I have a C# solution that contains three executables. I have each of these three executables sharing the same log4net configuration file. At startup of each of the executable, they retrieve a logger (one logger per executable, as per configuration file further below). When one of the executable performs Log.GetLogger(), it creates all the rolling files instead of only the one rolling file that is referred to as appender-ref in the executable's logger configuration.
For instance, when I startup my sending daemon executable, it performs Log.GetLogger("SendingDaemonLogger") which creates 3 files Log/RuleScheduler.txt, Log/NotificationGenerator.txt and Log/NotificationSender.txt instead of only the desired Log/NotificationSender.txt.
Then when I startup another of the executables, for instance the rule scheduler daemon, this other process cannot write in Log/RuleScheduler.txt because it has been created and locked by the sending daemon process.
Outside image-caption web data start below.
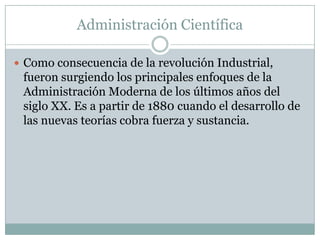 Administración Cientifica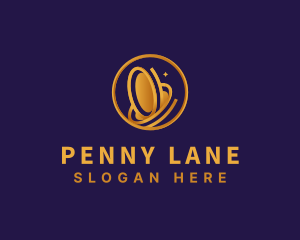 Penny - Cryptocurrency Coin Stocks logo design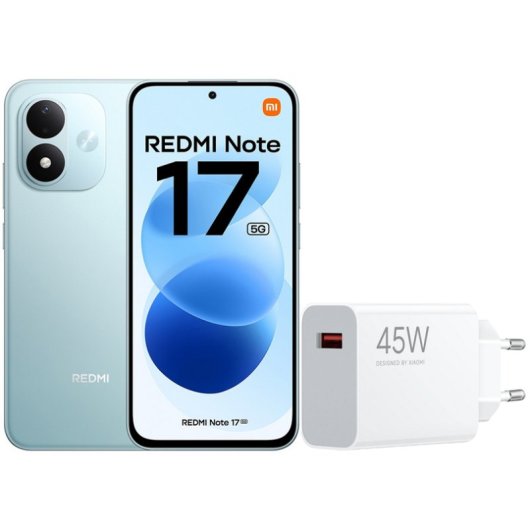 Xiaomi REDMI Note 17 5G 6GB 256GB 6.99" Azul + Cargador 45W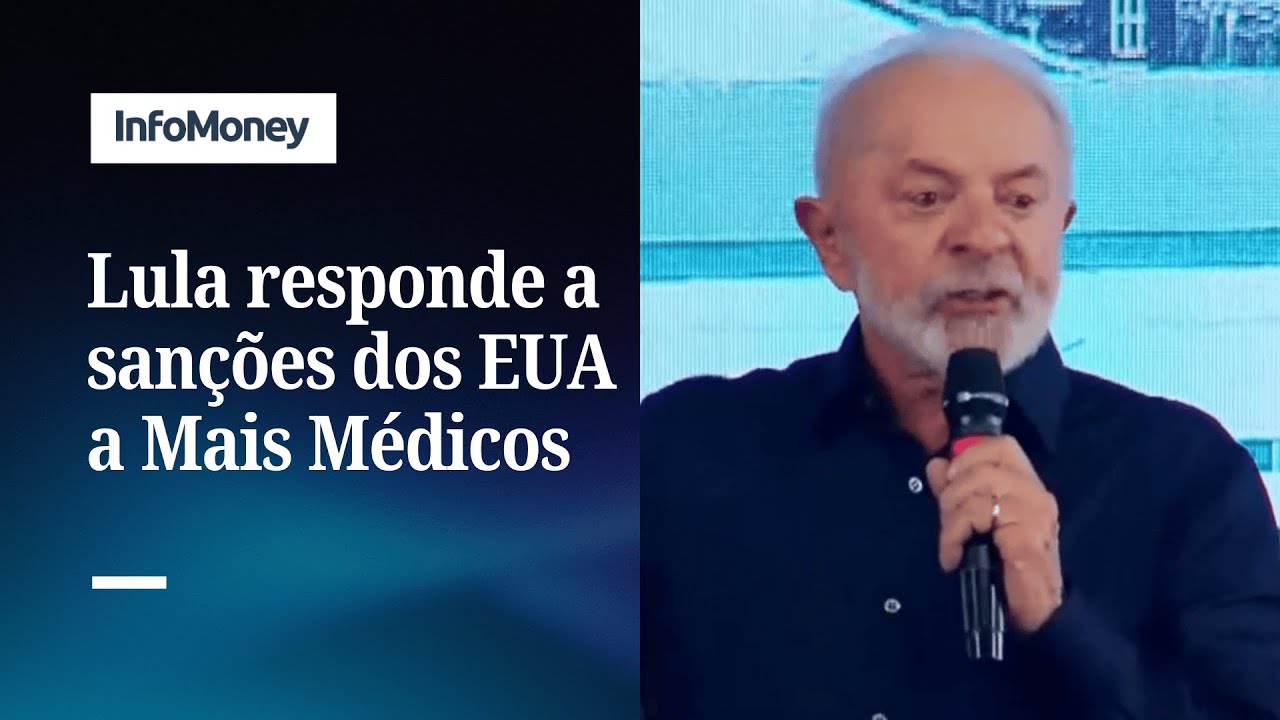 ASSISTA Lula reage à sanção dos EUA a Mais Médicos e fala sobre Cuba | InfoMoney News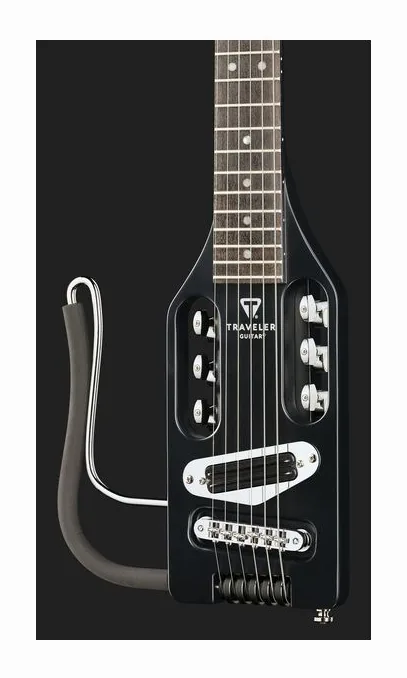 Traveler Guitar Electric Ultra-Light LH MBK, capotasto e prime posizioni della tastiera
I am guessing that there may be three different solutions to my problem:
The GetLogger should only create the rolling file appenders that are referenced in the config
I should have one config file per executable, this way each config file could list only one rolling file appender and starting each of the executable would not create the rolling files of the other daemons. I am however reluctant to do this because some of the configuration (SMTP appender, console appender) is shared between the daemons and I don't want to have duplicate copies to maintain. Unless there is a way to have a config file including another one?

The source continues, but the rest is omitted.